About

 

Dr. Jessica Ruglis is a professor of (in)human development, scholar-activist of public education and public health, participatory researcher, and youth advocate. For over twenty years, Dr. Ruglis has been an educator in elementary, middle school, high school, college, university and community contexts, across the US and in Montréal.

Ruglis’ academic, policy and community work focuses on the intersections of health, education, human development, (in)justice and equity; in particular understanding education as a social determinant of health. Ruglis serves on the Board of Directors for Chalet Kent (2017-present), and recently has collaborated with No Bad Sound Studios (2016-present) on the intergenerational community based participatory action research project Sampling Youth Development.

Ruglis’ academic work has appeared in American Journal of Public Health, International Journal of Qualitative Studies in Education, Journal for Critical Education Policy Studies, Transforming Anthropology, Preventing Chronic Disease, International Review of Qualitative Research and Educational Studies.
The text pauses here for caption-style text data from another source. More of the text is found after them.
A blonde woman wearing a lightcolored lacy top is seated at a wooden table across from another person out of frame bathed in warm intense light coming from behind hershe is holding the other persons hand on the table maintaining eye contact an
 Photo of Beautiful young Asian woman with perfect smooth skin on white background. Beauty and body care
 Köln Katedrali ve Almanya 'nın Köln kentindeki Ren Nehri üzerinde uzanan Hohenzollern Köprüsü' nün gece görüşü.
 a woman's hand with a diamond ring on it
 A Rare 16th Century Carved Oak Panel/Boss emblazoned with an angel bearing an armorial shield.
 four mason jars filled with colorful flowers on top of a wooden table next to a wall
Her policy advocacy work has helped to support legislation in Maryland, California, Arizona, and New York City. She has facilitated youth participatory action research training in New York, Baltimore, Boston, and Montréal; and has led, co-led and collaborated with youth participatory action research collectives in New York, Montréal and Baltimore on issues of education, health equity, racial justice, policing, criminal (in)justice, profiling, and juvenile incarceration and sentencing. Dr. Ruglis has served as a consultant on issues of public health, health prevention and promotion, anti-racism, youth development, gender and sexualities, education policy, school leaving, healing informed care, interdisciplinary program and curriculum development, school based health centers, policy advocacy, and participatory approaches to research.

Ruglis did her postdoctoral fellowship in community based participatory research for health inequities at Johns Hopkins School of Public Health (2009-2011) as part of the W.K. Kellogg Health Scholars Program, and is a proud graduate of CUNY (City University of New York) and SUNY (State University of New York) institutions and public schooling before that. She earned her doctoral degree (PhD, 2009) from the Graduate Center of CUNY, where her doctoral dissertation Death of a Dropout: Schooling as a Social Determinant of Health was awarded the Sponsored Dissertation Fellowship, and her masters in public health (MPH, 2009) from Hunter College. Ruglis also holds a masters of arts in teaching in secondary science and biology from Union College (MAT, 2002) and a bachelor of science in human biology from University at Albany (BS, 2000). Prior to entering higher education, Ruglis was a middle and high school science teacher, and an instructor and coach of youth sports (swimming, soccer, skiing). She approaches the academy as an athlete.

Ruglis lives in Tio'tia:ke (Montréal) where she is an Associate Professor at McGill University, which is on the unceded traditional territory of the Haudenosaunee and Anishinabeg nations, a place which has long served as a site of meeting and exchange amongst nations. We acknowledge and thank the diverse Indigenous people whose footsteps have marked this territory on which peoples of the world now gather.